Geomax Consulting Engineers Limited, Mathu Gichuiri Associates Limited, Frame Consultants Limited & Kanjumba Consultants Limited v Kihingo Village (Waridi Gardens) Limited & Wagema Limited [2017] KEHC 10058 (KLR) | Joinder Of Parties | Esheria

Geomax Consulting Engineers Limited, Mathu Gichuiri Associates Limited, Frame Consultants Limited & Kanjumba Consultants Limited v Kihingo Village (Waridi Gardens) Limited & Wagema Limited [2017] KEHC 10058 (KLR)

Full Case Text

REPUBLIC OF KENYA

IN THE HIGH COURT OF KENYA AT NAIROBI

COMMERCIAL AND TAX DIVISION

CIVIL SUIT NO. 721 OF 2012

GEOMAX CONSULTING ENGINEERS LIMITED...........................1ST PLAINTIFF

MATHU GICHUIRI ASSOCIATES LIMITED..................................2ND PLAINTIFF

AND

FRAME CONSULTANTS LIMITED.........................PROPOSED 3RD PLAINTIFF

KANJUMBA CONSULTANTS LIMITED.................PROPOSED 4TH PLAINTIFF

VERSUS

KIHINGO VILLAGE (WARIDI GARDENS) LIMITED........................DEFENDANT

AND

WAGEMA LIMITED.............................................PROPOSED 2ND DEFENDANT

RULING

1. The application dated 4th August 2017 seeks the joinder of 3 more parties to the suit.

2. First, it is proposed to enjoin FRAME CONSULTANTS LIMITED as a plaintiff to the suit, because at the material time, they were the Civil and Structural Engineers to the project.

3. Meanwhile, KANJUMBA CONSULTANTS LIMITED were the Quantity Surveyors to the said project.  Therefore, the court has been asked to have them enjoined to the suit, as plaintiff.

4. Secondly, the court has been asked to enjoin WAGEMA LIMITED as a defendant to the suit.  The said Wagema Limited has been described as the Special Purpose Vehicle which had been incorporated by KIHINGO VILLAGE (WARIDI GARDENS) LIMITED, for the execution and carrying out of the project.

5. The project in issue was the development of a high-end residential estate, comprising 55 houses, which were to be built within KITISURU area of Nairobi.  The estate was to be named, the KIHINGO VILLAGE (WARIDI GARDENS).

6. The applicants contend that their claims arose from the failure by the Defendant and the proposed Defendant to honour invoices which were presented to them by the plaintiffs and by the proposed plaintiffs.

7. It was asserted that Frame Consultants and Kanjumba Consultants were appointed at the behest of the defendant.

8. The applicants pointed out that Kihingo Village (Waridi Gardens) Limited has the same shareholding as Wagema Limited.

9. The applicants further pointed out that those 2 companies regularly held joint Board Meetings, during which they discussed matters affecting the 2 companies.

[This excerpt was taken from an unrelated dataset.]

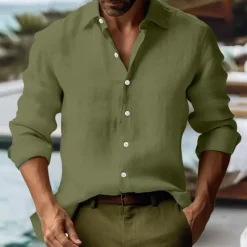 Men's Shirt Linen Shirt Summer Shirt Beach Shirt Button Up Shirt Plain Vacation Curise Black Pink Green Gray Long Sleeve Collar Spring & Summer Clothing Apparel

10. The applicants asserted that they had rendered professional services;

“as mandated by the Defendant and the Proposed 2nd Defendant”.

However, those 2 respondents are said to have ignored, refused and/or failed to honour their obligations to pay the plaintiffs and the proposed plaintiffs.

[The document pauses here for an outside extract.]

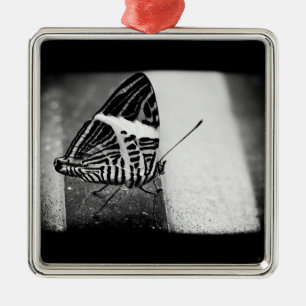butterfly crossing metal ornament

11. It was the contention of the applicants that the claims of the plaintiffs and of the proposed plaintiffs are derived from the same transaction, namely the professional services that each of them had rendered in respect of the project.

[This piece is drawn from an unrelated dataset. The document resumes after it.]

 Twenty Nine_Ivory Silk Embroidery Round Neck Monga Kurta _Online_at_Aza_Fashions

12. In the case of LUCY NUNGARI NGIGI & OTHERS Vs. NATIONAL BANK of KENYA LIMITED & ANOTHER, Hccc No. 517 of 2014, the court held that the plaintiffs and the proposed plaintiffs had an inextricable relief arising out of the same transaction.  In the circumstances it was held as follows;

“Invariably, the determination of the real issues in controversy between the plaintiff and the intended plaintiffs on the one hand, and the Defendants on the other hand, will need all concerned parties to be before the court”.

13. Accordingly, the court allowed 128 persons to be enjoined to the suit, as plaintiffs.

14. In determining the application the court will therefore take into account the question regarding what the real issues in controversy are.

15. If the determination of the said real issues required the presence of the proposed plaintiffs and the proposed defendant, the court could order that they be enjoined to the suit.

16. When the presence of a proposed party is useful when the court was making the determination, then the proposed party was said to be a necessary party.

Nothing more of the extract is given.